En consultant ça et là mon agrégateur préféré, je constate que je ne suis pas la seule à profiter de l’été au détriment de mon blogue. Il reste toujours les blogues de journalistes qui sont alimentés plus régulièrement - sauf pour Dominic Arpin qui essaye de prendre un brake - mais sinon partout c’est la programmation estivale : c’est donc léger et clairsemé…

17 July, 2007

Le viaduc de la Concorde - Ellis témoin-expert et consultant du MTQ

Le Devoir comme La Presse relevait que l’interrogatoire du témoin expert du ministère des Transports du Québec avait été corsé. Toutefois dans La Presse, sous la plume de Matthieu Perreault on rappelle qu’il ne pouvait y avoir d’expertise correctes - même si le MTQ prétend avoir tout fait en son pouvoir - car la documentation était incomplète. On y apprend aussi que l’Ontario a un système d’inspection et de documentation assez comparable au système québécois et que là, la gestion des documents ne pose pas de problème. Dans Le Devoir, l’article rédigé d’après PC, fait ressortir d’autres contradictions du témoignage de l’expert du MTQ Reed Ellis et met en lumière ce manque d’impartialité qu’a soulevé le procureur. Ainsi, Ellis après avoir convenu que de reporter la mise en oeuvre des recommandations n’était pas une bonne idée, se rabat sur la ligne de presse du Ministère au sujet des budgets et des moyens limités. La question du procureur est légitime : car si cet ingénieur n’avait pas un gros contrat de conception de logiciel pour le MTQ aurait-il une autre opinion ou serait-il plus critique et moins compréhensif à l’égard du MTQ? Le demander c’est y répondre…

17 July, 2007

Whole Foods se vante sur le Net

Et oui, je ne dis pas se vend, mais bel et bien se vante sur Internet. En fait, son pdg John Mackay a perdu de son lustre depuis qu’on a compris qu’il laissait un peu partout dans le cyberespace des commentaires flatteurs à son égard.

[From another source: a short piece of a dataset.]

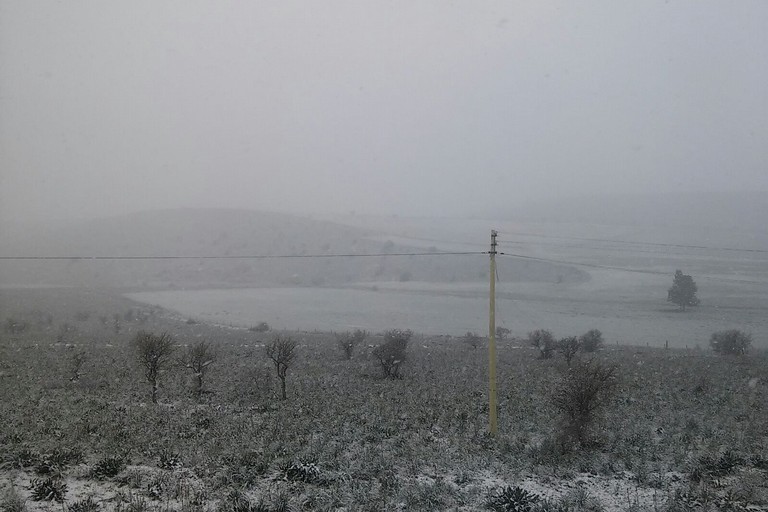 Neve ad Andria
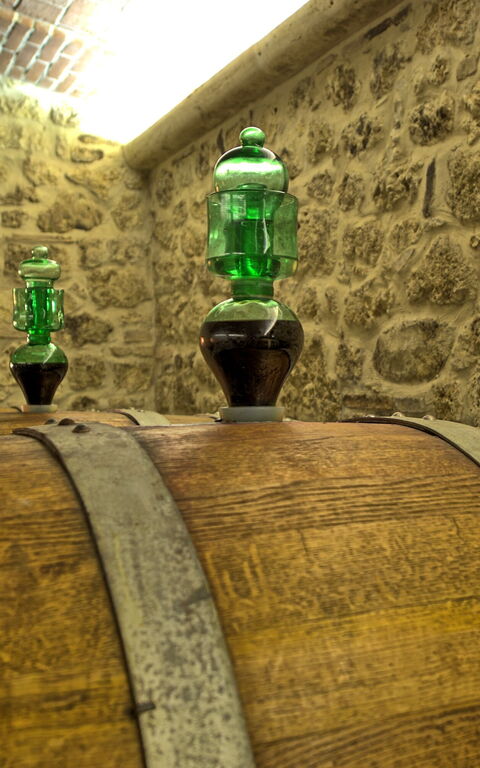 Villa Le Buche: Aktivitäten, Ausstattung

Des petits mots parfois banals ou comiques - au sujet de sa coupe de cheveux - mais aussi des commentaires visant à mousser sa marque ou ses actions. Ouh! C’est là que ça se gâche. Parce que les petits canulars de Mackay sont considérés jusqu’à maintenant comme faisant partie d’un complot anticoncurentiel. Si Mackay s’en tire côté business, il restera tout de même la risée des médias et ça, ça ne peut pas aider sa marque. Encore un bel exemple pour ceux qui croient qu’on peut manipuler l’opinion et tiréer les ficelles sur Internet… Lire l’article ici.

13 July, 2007

Faire le bien au Sergent Recruteur

Changeons de propos, le viaduc me donne la nausée. Tiens comme c’est l’été, pour une fois buvez sans remords en aidant une famille de Montréal à accueillir une petit de Biélorussie… Vous savez, Tchernobyl, les enfants qu’on envoie ici pour leur refaire une santé. Lisez JYG dans Le Devoir et répondez à l’invitation de Michèle et Louis qui aujourd’hui et demain ramassent des sous pour leur petite fille d’été, Lili.

13 July, 2007

Le viaduc : You spin me right round… Like a record…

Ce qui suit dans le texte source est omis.